Fausto
Bordalo Dias grava, em 1977, "Madrugada dos Trapeiros" (Orfeu), um
dos discos fundadores da música popular portuguesa e que, embora com algumas
particularidades decorrentes do momento histórico, aborda temáticas que hoje,
decorridos trinta anos, são preocupantemente actuais: desigualdades sociais,
desemprego, condições de trabalho lesivas da dignidade humana, redução da
mulher a mercadoria sexual, questões ambientais, etc. «Tendo como ponto básico
de partida a música tradicional e a criação de raiz urbana, no seio da qual
ganha alento novo a tendência para a fusão de elementos vários provenientes de
influências diversas» (cit.
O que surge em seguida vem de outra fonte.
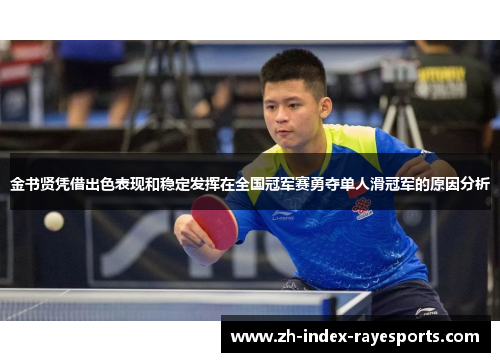 金书贤凭借出色表现和稳定发挥在全国冠军赛勇夺单人滑冠军的原因分析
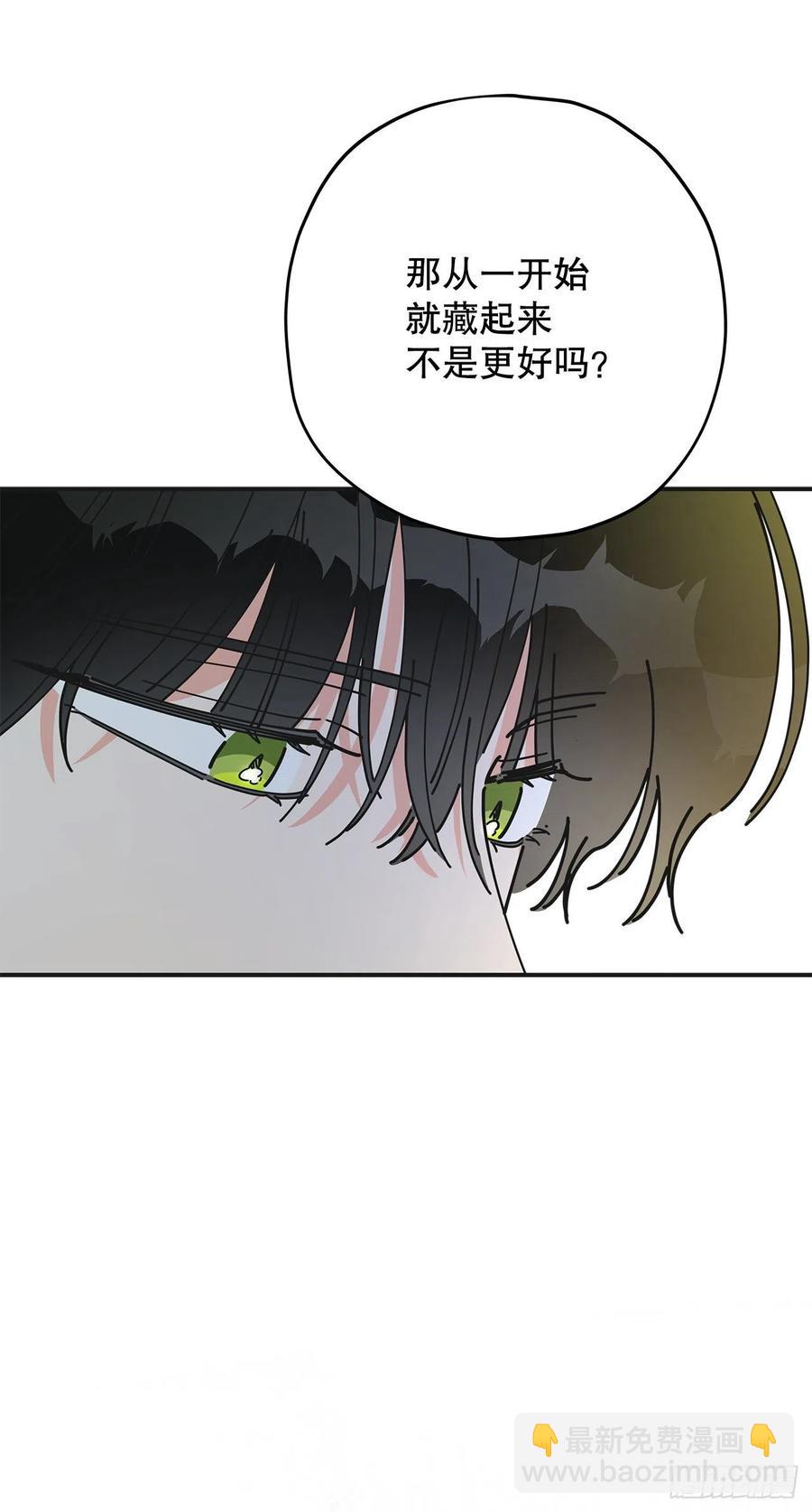 68.决意(1/2)-第67话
Mário Correia), o trabalho surge também como
reacção à invasão avassaladora e uniformizadora da música anglo-americana (mais
propriamente do pop-rock): «Sempre me opus e resisti à tirania do rock e do pop
em Portugal pelo que isso representa de normalização da música» (cit. Fausto).
Infelizmente, o problema ainda está por resolver e muitos têm sido os danos
causados à nossa música de maior valia e autenticidade, perante a indiferença
olímpica dos poderes político-culturais.
A execução
instrumental é assegurada por Fausto (guitarra acústica), Guilherme Scarpa
(bateria), Hélder Reis (acordeão), Mestre Paulinho das Garotas (violinha), Rui
Monteiro (adufes, bombos, caixa de guerra e ferrinhos) e Rão Kyao (saxofone e
flauta), contando-se também a participação vocal de Aristides, Fernando
Laranjeira, Sabine e Sérgio Godinho, para canções com letra e música de Fausto
("Atrás dos Tempos Outros Tempos Vêm", "Se Tu Fores Ver o Mar
(Rosalinda)", "Uns Vão Bem e Outros Mal", "O
Varredor", "Cantiga do Desemprego", "Mariana das Sete
Saias" e "Um Canto para Letrado"), com letra de Leonel Santos e
música de Fausto ("As Comissões") e com música de Fausto e António
Pedro Braga sobre poema de Reinaldo Ferreira ("Rosie").
Parafraseando
Viriato Teles, «"Madrugada dos Trapeiros" é, ainda, um disco com uma
profunda carga política, mas onde é já possível vislumbrar as novas
preocupações estéticas do seu autor, nomeadamente através da utilização
sistemática de elementos tradicionais – o embrião, afinal, daquilo que virá a
ser conhecido como Música Popular Portuguesa. O disco inclui aquele que
permanece como um dos maiores êxitos do músico: "Rosalinda", um
belíssimo manifesto ecológico [contra a central nuclear que pretendiam
construir em Ferrel, Peniche], que foi, inclusivamente regravado em Espanha por
Luis Pastor». Destaque ainda para a belíssima e alga esquecida "Mariana
das Sete Saias", canção que versa o problema social da prostituição,
assunto que Carlos Mendes também cantou na altura ("Amélia dos Olhos
Doces") e que Vitorino retomará, quinze anos mais tarde, no álbum "Eu
Que Me Comovo Por Tudo e por Nada" (EMI-VC, 1992).